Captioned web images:
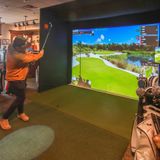 Gonzo and Amy take on a golf simulator at Crystal Mountain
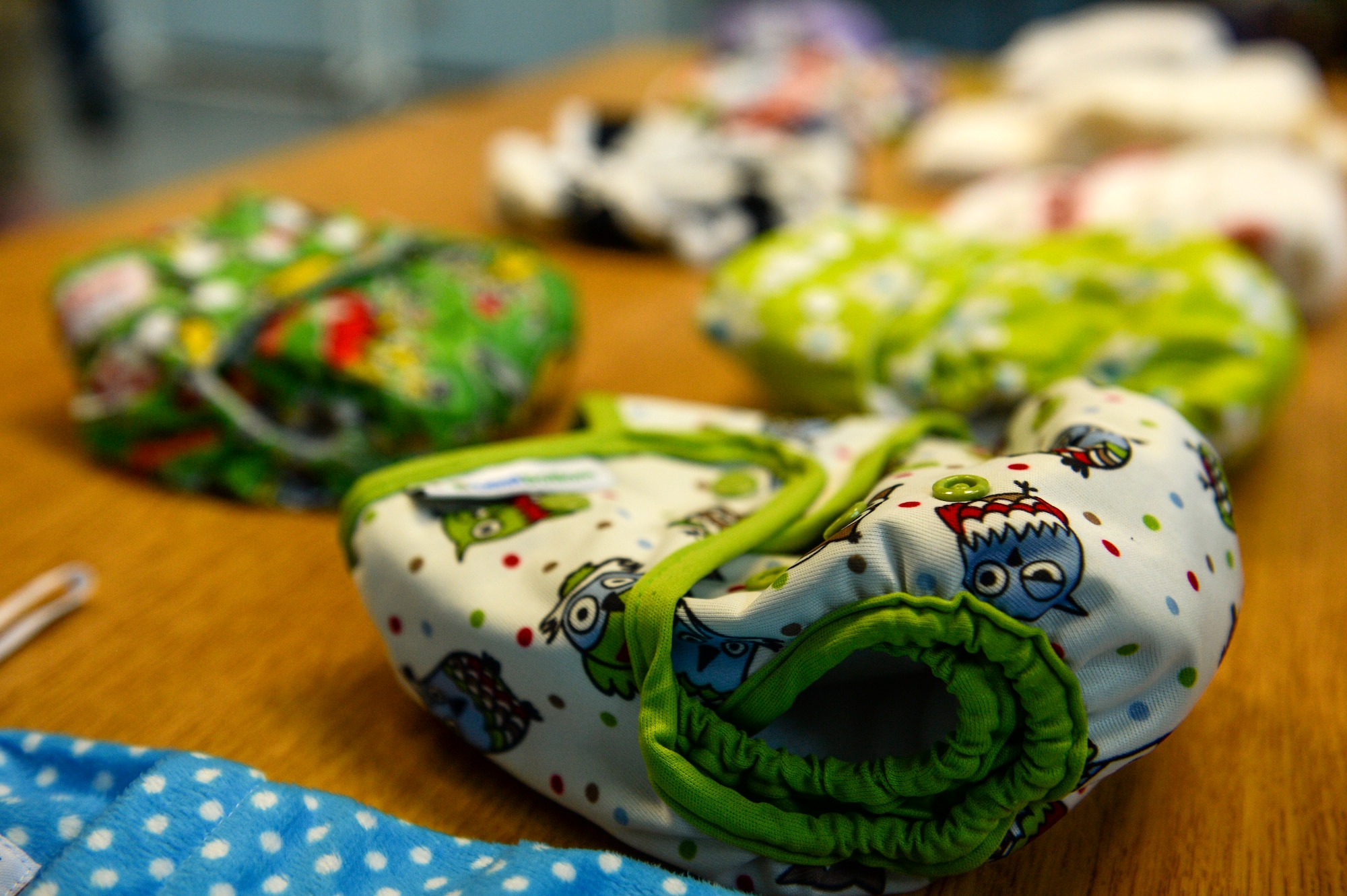 Cloth diapers are displayed on a table during the 2014 Great Cloth Diaper Change April 26, 2014, at Spangdahlem Air Base, Germany. One of the requirements for the event states that the children must be changed using a cloth diaper. (U.S. Air Force photo by Senior Airman Rusty Frank/Released)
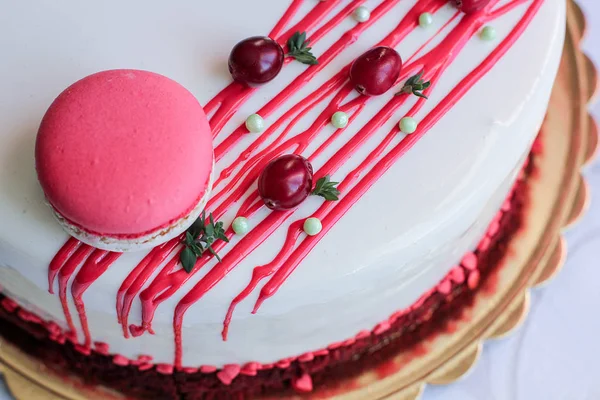 美味的白色自制蛋糕 由红色浆果和马卡龙装饰 现代照片 — 图库照片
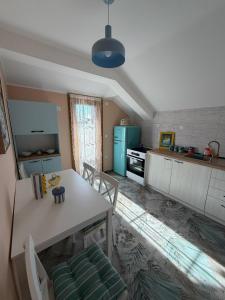 a kitchen with a white table and a blue refrigerator at Salaš Gnijezdo in Bačka Palanka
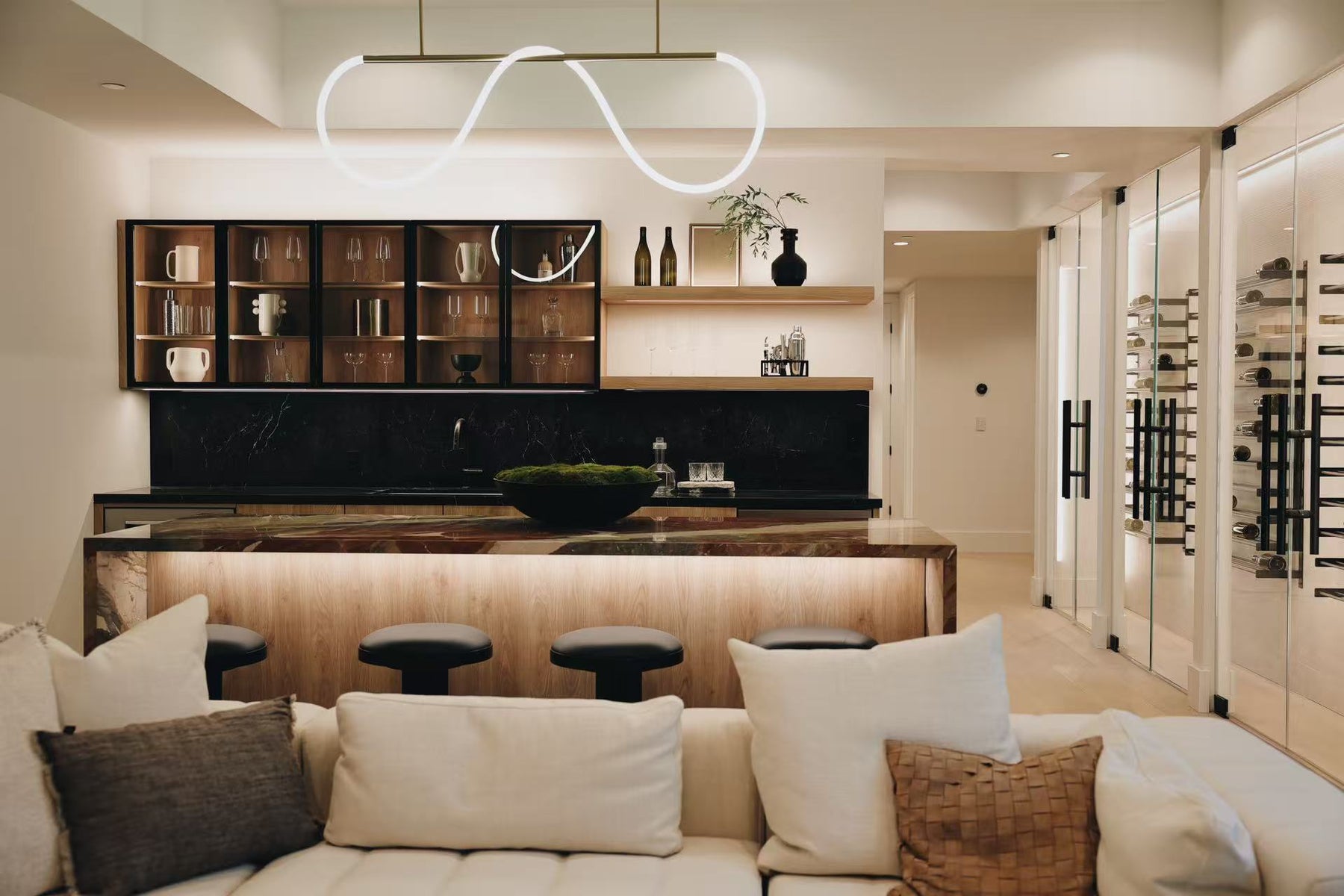 Living room view toward timber kitchen and black stone backsplash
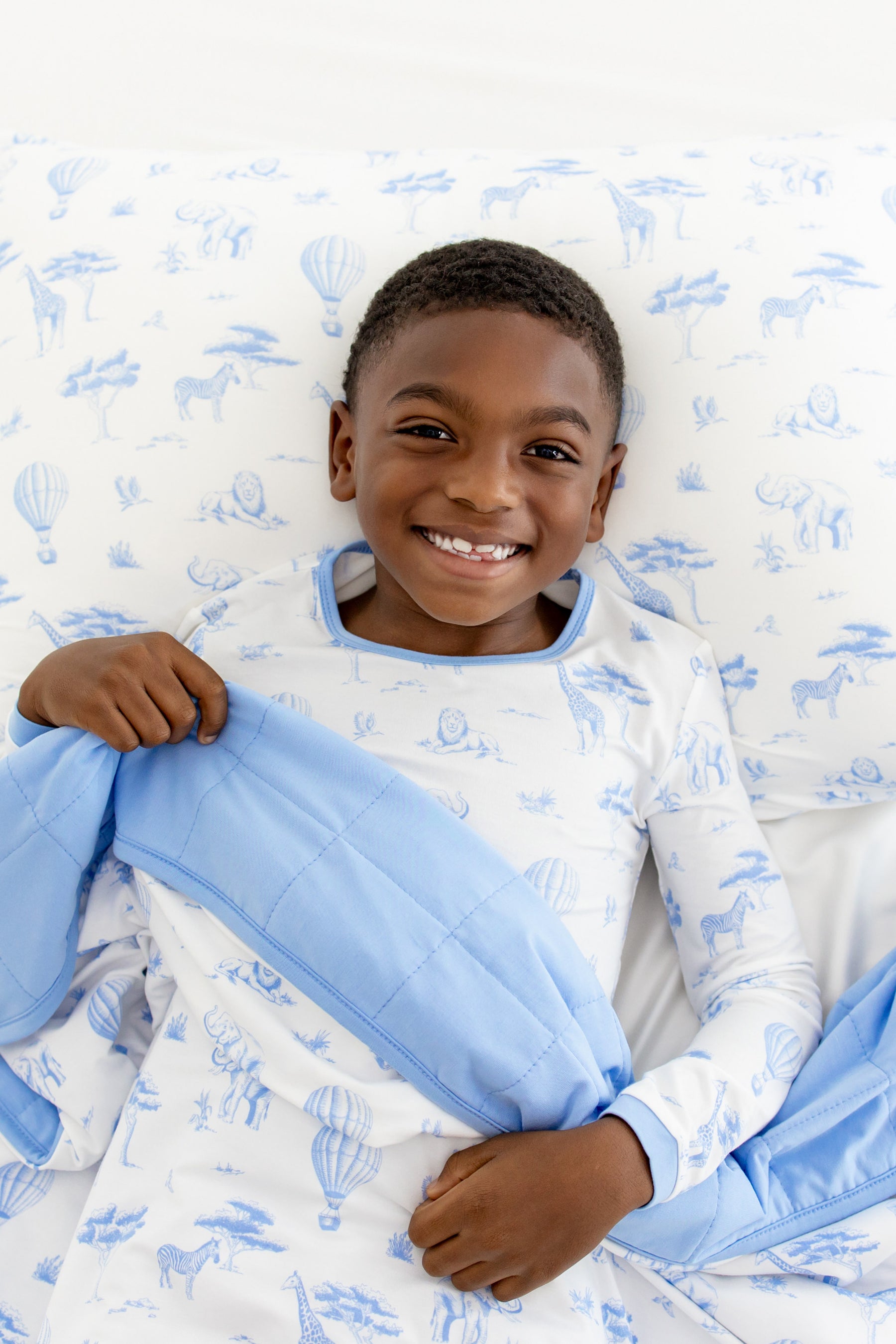 Young boy laying in bed with the Toddler Blanket in Toile Safari 1.0 overtop of him laying on a pillow with the Standard Pillow case in Toile Safari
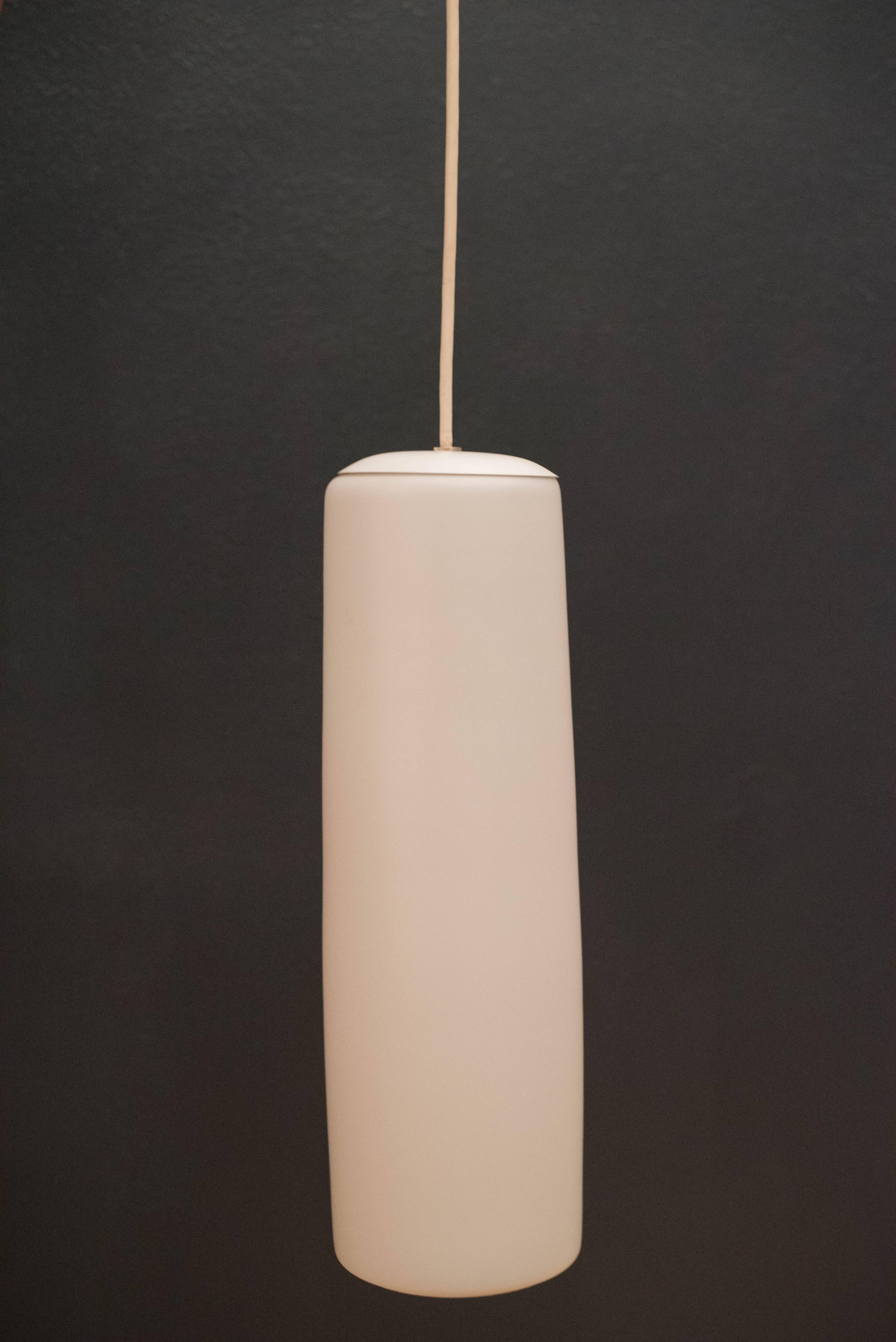 Mid-Century Modern pendant lamp manufactured by Prescolite, circa 1960s. The cylinder shade is made of frosted glass that emits a glowing light. Perfect to use for high ceilings. Price is for each, one available. 

 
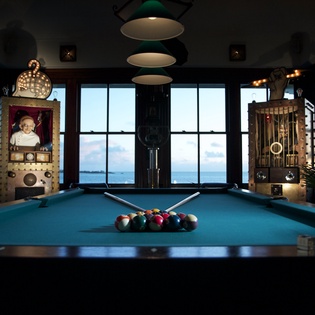 Challenge friends to a game in your stylish billiards room, where vintage arcade machines and ocean views create the perfect entertainment escape.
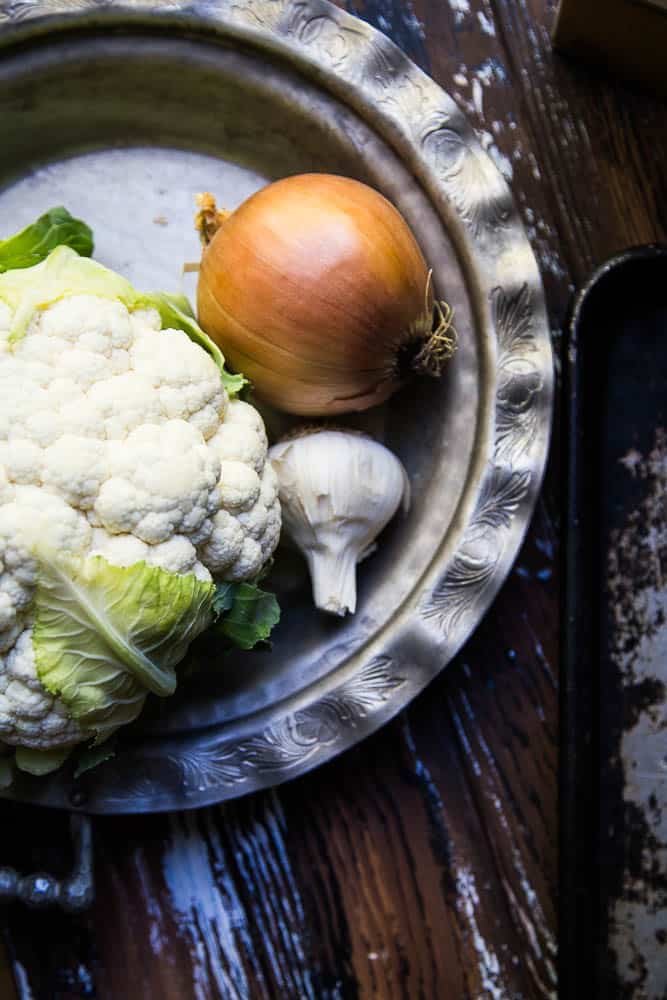 Cheesy Keto Roasted Cauliflower Soup only has a handful of ingredients and is a great recipe for meal prep or a busy weeknight! It's easily made Whole30 and paleo friendly, too! | perrysplate.com #ketorecipes #ketosoup #lowcarbrecipes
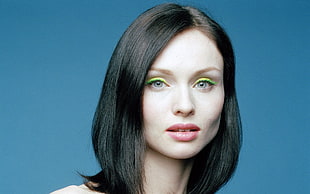 woman wearing green eyeliner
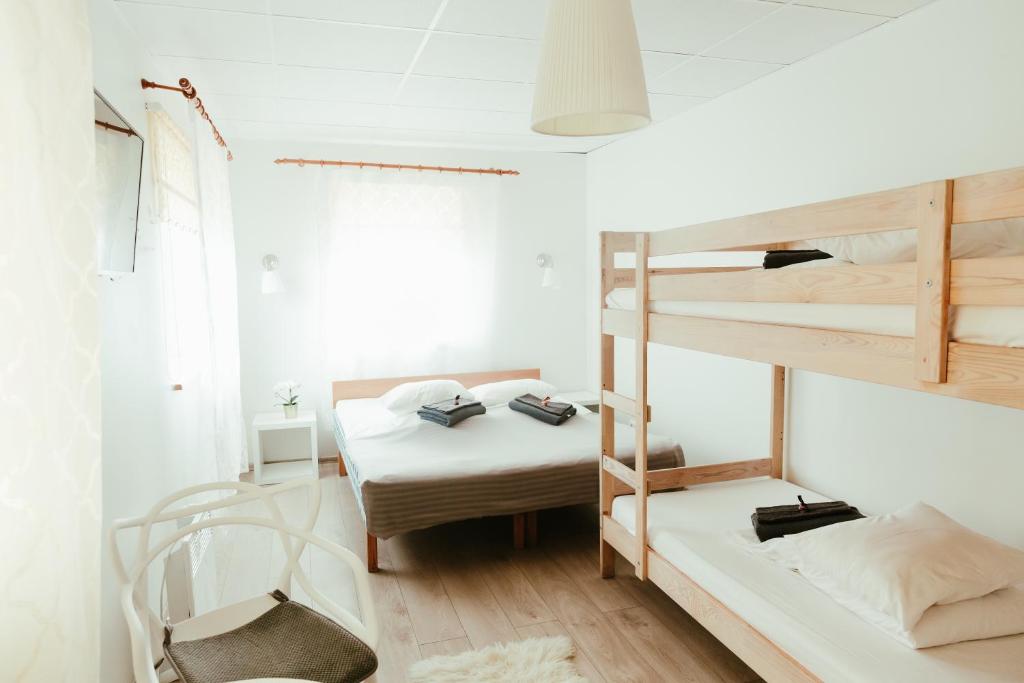 Postel nebo postele na pokoji v ubytování Konrad Family Guesthouse
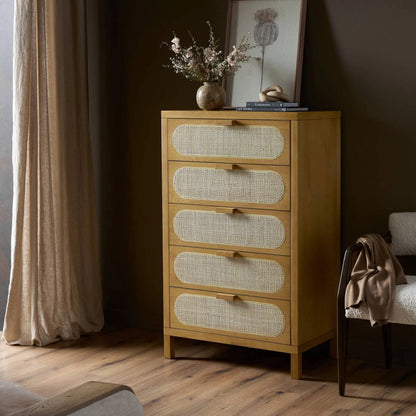 Allegra 5 Drawer Dresser by Four Hands in honey oak veneer, light natural cane, honey oak and honey oak. Made from oak veneer, cane, solid oak in a rustic style.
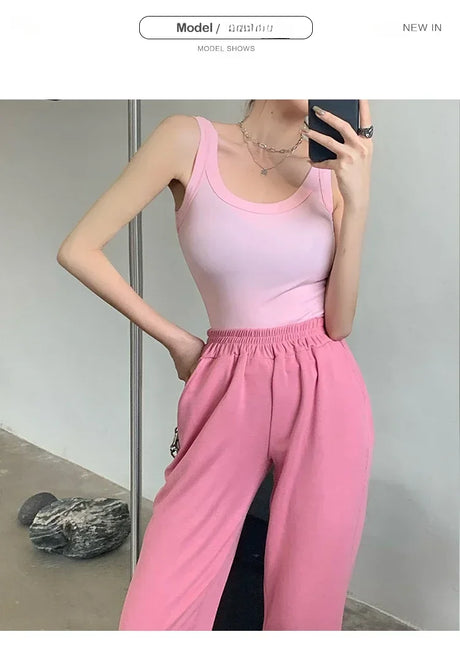 Model wearing a pink ribbed tank top and pink pants, showcasing a trendy streetwear look.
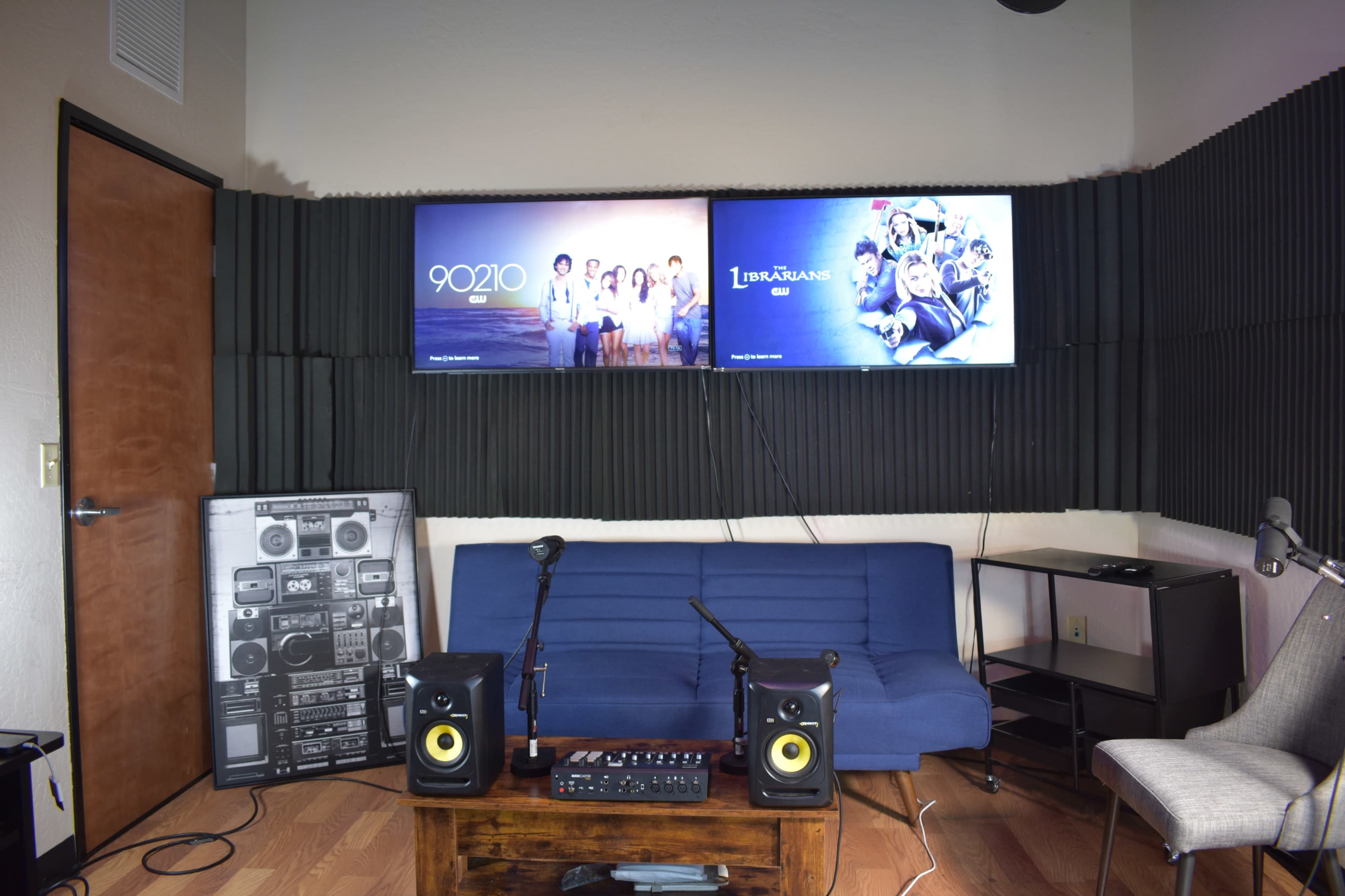A cozy room with two mounted television screens displaying shows, a blue couch, speakers on a wooden table, and soundproofing panels on the walls.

_ASSIGNMENT_
With the pictures set aside, please write out all of the records above exactly.

_RESPONSE BOX_
 Gonzo and Amy take on a golf simulator at Crystal Mountain
 Cloth diapers are displayed on a table during the 2014 Great Cloth Diaper Change April 26, 2014, at Spangdahlem Air Base, Germany. One of the requirements for the event states that the children must be changed using a cloth diaper. (U.S. Air Force photo by Senior Airman Rusty Frank/Released)
 美味的白色自制蛋糕 由红色浆果和马卡龙装饰 现代照片 — 图库照片
 a kitchen with a white table and a blue refrigerator at Salaš Gnijezdo in Bačka Palanka
 Living room view toward timber kitchen and black stone backsplash
 Young boy laying in bed with the Toddler Blanket in Toile Safari 1.0 overtop of him laying on a pillow with the Standard Pillow case in Toile Safari
 Mid-Century Modern pendant lamp manufactured by Prescolite, circa 1960s. The cylinder shade is made of frosted glass that emits a glowing light. Perfect to use for high ceilings. Price is for each, one available. 

 
 Challenge friends to a game in your stylish billiards room, where vintage arcade machines and ocean views create the perfect entertainment escape.
 Cheesy Keto Roasted Cauliflower Soup only has a handful of ingredients and is a great recipe for meal prep or a busy weeknight! It's easily made Whole30 and paleo friendly, too! | perrysplate.com #ketorecipes #ketosoup #lowcarbrecipes
 woman wearing green eyeliner
 Postel nebo postele na pokoji v ubytování Konrad Family Guesthouse
 Allegra 5 Drawer Dresser by Four Hands in honey oak veneer, light natural cane, honey oak and honey oak. Made from oak veneer, cane, solid oak in a rustic style.
 Model wearing a pink ribbed tank top and pink pants, showcasing a trendy streetwear look.
A cozy room with two mounted television screens displaying shows, a blue couch, speakers on a wooden table, and soundproofing panels on the walls.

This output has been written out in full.